A omissão de ‘face ao ano passado’ por Luís Montenegro constitui um embuste? Existem duas dimensões a considerar: a da campanha eleitoral e a da discussão do programa de governo. Será que Luís Montenegro mentiu ardilosamente aos eleitores durante a campanha e que estes agora se poderão sentir defraudados? A resposta a esta questão é negativa. Os ‘1500 M euros’ não foram um argumento eleitoral nem, salvo erro, foram alguma vez mencionados. Na campanha e no programa eleitoral da AD as propostas de alteração de taxas do IRS têm sempre como referência as taxas de 2023 e diferenciam-se das do OE aprovado sobretudo na abrangência até ao 8.º escalão. Não penso, pois, que os resultados eleitorais tenham sido influenciados por qualquer promessa de uma duplicação dos cortes de impostos face à fatura do ano passado. Também não acho que o PM tenha tentado deliberadamente enganar a AR. Qual seria o objetivo dessa eventual mentira? Dias depois, quando a proposta de alteração do código de IRS fosse apresentada formalmente o pretenso ardil ruiria.
Não, não se tratou de um embuste. Foi, antes, ligeireza e falta de rigor. Mas no que toca à ligeireza e falta de rigor na comunicação o governo não está sozinho, estando, antes, bem acompanhado pela comunicação social e por todos os outros partidos. (O meu artigo da semana passada sobre as ‘contas certas’ ilustra como sound bites sem suporte lógico e interesse prático acabam infetando todo o debate público.)
Neste incidente não foi só primeiro-ministro que esteve mal. Estiveram também mal o maior partido da oposição e a comunicação social, especialmente aquela que fez manchetes com uma pretensa duplicação da redução do IRS (e que, depois, se justificou com a uma crença ingénua nos maiores da nação). O facto da IL o ter feito, demonstra que a imprecisão de Luís Montenegro era detetável por quem soubesse do que fala. Um trabalho sério de escrutínio teria revelado que algo não batia certo na interpretação precipitada em que os cortes de 1500M somavam aos 1300M do orçamento de Fernando Medina, quanto mais não fosse pela magnitude top total dessa redução (equivalente ao excedente orçamental de 2023).

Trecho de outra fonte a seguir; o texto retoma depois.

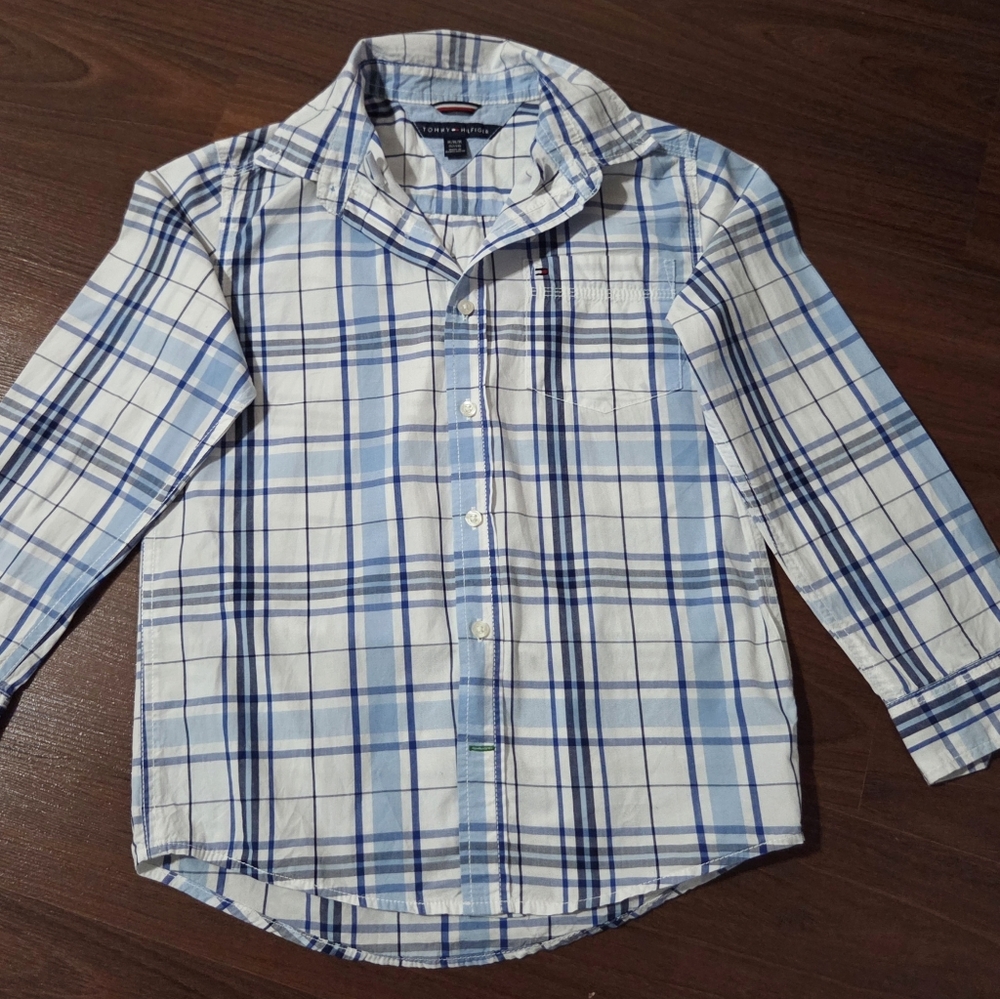 Tommy Hilfiger Plaid Button-Down Shirt, Big Boys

O país precisa de um governo competente, de uma oposição competente e de uma comunicação social competente. Ninguém o foi. Contudo, o empolamento contínuo deste episódio lamentável, mas, no fundo, inconsequente, a ninguém aproveita, exceto àqueles que lucram com o desprestígio das instituições. Melhor seria se, ao invés, se discutisse com rigor qual a política fiscal mais adequada para promover o trabalho, a poupança e o investimento.